The above example illustrates how unschooling encourages the child to develop initiative and internal resources for teaching himself to learn for the love of learning.

This style of education may very well not work for all children. It should be obvious early on whether unschooling will be workable for the parent-child ensemble in question. Children must demonstrate learning in various areas. But most critically, the child should be learning to think for himself and to teach himself to learn from as full a range of materials and experiences as life offers — and parents allow.

A child who “knows” a lot of facts on an exam — but who does not have the ability to solve real world problems or to teach himself to understand new topics of interest — is at a serious disadvantage when at the end of his education he is regurgitated by the system out into an unsympathetic “real world.”

Here are a number of “curricula choices” recommended by the author of freerangelearning.com blog. It is not an exhaustive list of homeschooling curricula or aids, but it is a good place to look for ideas.

The Dangerous Child curriculum is an adaptation of the “free range” approach, in the sense that it is closely adapted to the individual child’s nature and abilities. Dangerous Children learn to work and think resourcefully — both alone and in groups of mixed age.
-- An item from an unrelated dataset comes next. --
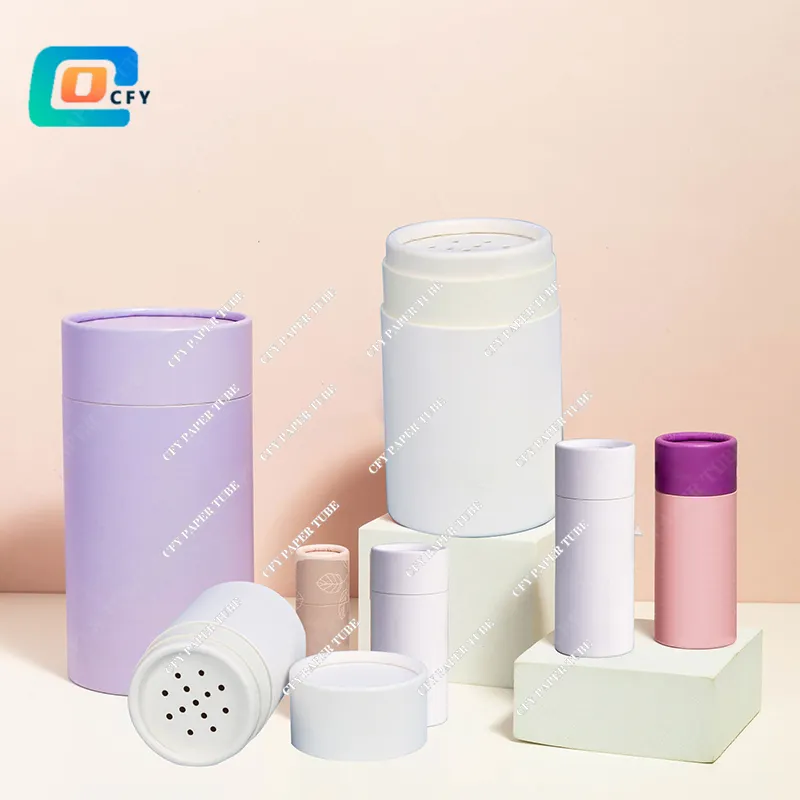 Cosmetic cylinder empty food paper board coco powder tubes wholesale canisters kraft paper loose tea food shaker tube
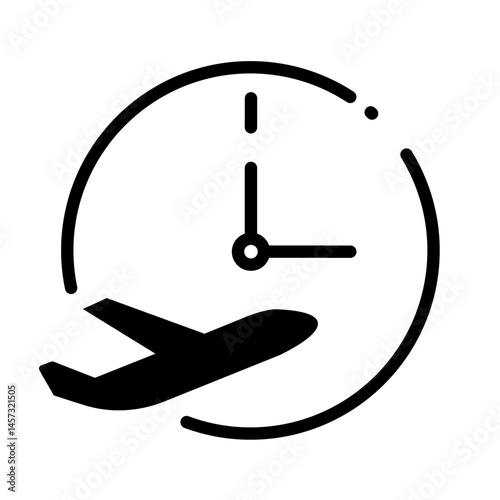 Flight delayed, airplane with clock background – vector icon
Every Dangerous Child must master at least three ways to support himself financially by the age of 18, and every DC must learn survival, evasion, rescue, and defence skills of various sorts.

Self-teaching is an important part of the process. But in addition, children can work together in a group to develop teamwork, problem-solving skills, and workable methods of social interaction. Dangerous skills — such as using power tools and metal fabrication methods to construct boats, shelters, sleds, and other devices and machines — work best when a team of Dangerous Children has learned to trust each other by working together on earlier projects. As they go on to learn to navigate cross country, on the water, and in the air, these teamworking skills will prove even more valuable.

There are things that every young child needs to learn, including self-control and self-discipline, to pave the way to a Dangerous Childhood. These are part of executive function, which should ideally be learned by the age of seven years. If for some reason the child is unable to develop self-control or self-discipline, his ability to self-teach is likely to be impaired. Further, if the child remains without self-control to the age of 10 or 12, it is unlikely that parents will want to teach the child the many dangerous and potentially lethal disciplines that are integral to the Dangerous Child Method.

In the future we will be looking at some milestones of progress that parents should be looking for. Each phase of learning fits into the next phase, at the proper time for each child. Multiple threads of development and learning should be ongoing at any given time. A child may be relatively advanced in music and reading, but somewhat slower in maths or in the workshop. As long as he displays self-discipline, resourceful thinking, and the ability to self-teach, he should be allowed to develop at his own pace, without undue pressure to perform.

Some Limits to Learning

Children are not taught, they learn. How well and how much they will learn depends upon the skills that they master, long before they are aware that they are learning. Whether or not they have the chance to master those skills depends upon their caretakers.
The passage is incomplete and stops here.